GPU into Prometheus: tape_matmul routed through omnimcode-gpu

Headline

Integration shipped: tape_matmul forwards above the CPU/GPU crossover threshold get routed through omnimcode-gpu's wgpu (Vulkan) backend. The kernel-level speedup is large (13× on a chained 512² matmul), but end-to-end Prometheus training is now bottlenecked by OMC tree-walk overhead in the substrate-shaping helpers (substrate_softmax, substrate_resample, Q6 modulation), not by matmul time. The honest read: the integration is correct and load-bearing for any future work that pushes matmul further into the budget — but GPU alone doesn't accelerate today's Prometheus.

What got wired

A MatmulAccelerator hook in omnimcode-core that an outer binary can register at startup. The CLI binary now does so under the gpu feature, pointing it at omnimcode-gpu::pick_backend(). The hook:

Accepts (m, k, n, &[f64], &[f64]), declines (returns None) when m·k·n < OMC_GPU_MATMUL_MIN_FLOPS (default 1,000,000)
Converts f64 → f32 at the boundary, calls the backend, converts f32 → f64 back
Disabled by OMC_GPU_BACKEND=cpu
OMC_GPU_VERBOSE=1 logs the chosen backend + threshold at startup

Pre-existing tape_matmul implementation is unchanged when no hook is registered — backward compatibility is total. Backward pass (dA = dy @ B^T, dB = A^T @ dy) automatically benefits because it calls the same tape_matmul helper.

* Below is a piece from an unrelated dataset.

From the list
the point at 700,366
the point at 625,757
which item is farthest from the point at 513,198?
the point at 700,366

Kernel-level win: synthetic matmul chain

5 chained 512² matmuls, f64 OMC tape:

OMC_GPU_BACKEND=cpu   3.47 s
OMC_GPU_BACKEND=wgpu  0.27 s    ~13× speedup

f64 → f32 → f64 round-trip vs pure-f64 reference: result differs at the 9th significant digit (239899095... vs 239899097...), well within f32 + summation-order noise. Parity is fine for any Prometheus-scale workload.

End-to-end Prometheus training (d_model=256)

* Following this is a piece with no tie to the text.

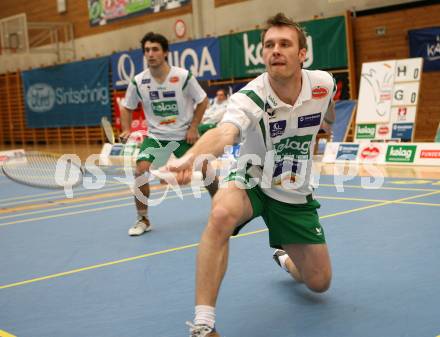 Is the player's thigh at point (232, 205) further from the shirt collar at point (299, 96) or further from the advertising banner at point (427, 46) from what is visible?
the advertising banner at point (427, 46)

examples/bench_prometheus_gpu.omc, substrate-K transformer, seq_len=64, d_model=256, ff_dim=512, 5 AdamW steps:

	wall-clock	per step	final loss
`OMC_GPU_BACKEND=cpu`	129.05 s	25.81 s	6.95930
`OMC_GPU_BACKEND=wgpu`	129.39 s	25.88 s	6.95932
diff	+0.3% slower	+0.3%	2e-5 (f32 noise)

Per-step matmul shapes that DID cross the GPU threshold:

x @ Q : 64×256·256×256 = 4.2M flops
ff_up : 64×256·256×512 = 8.4M flops

Both are well above the 1M threshold and get routed to GPU. But the wall-clock numbers don't move. Why? Because at this scale, matmul wall-clock is single-digit milliseconds per step, and the surrounding OMC-side iteration is multiple seconds per step.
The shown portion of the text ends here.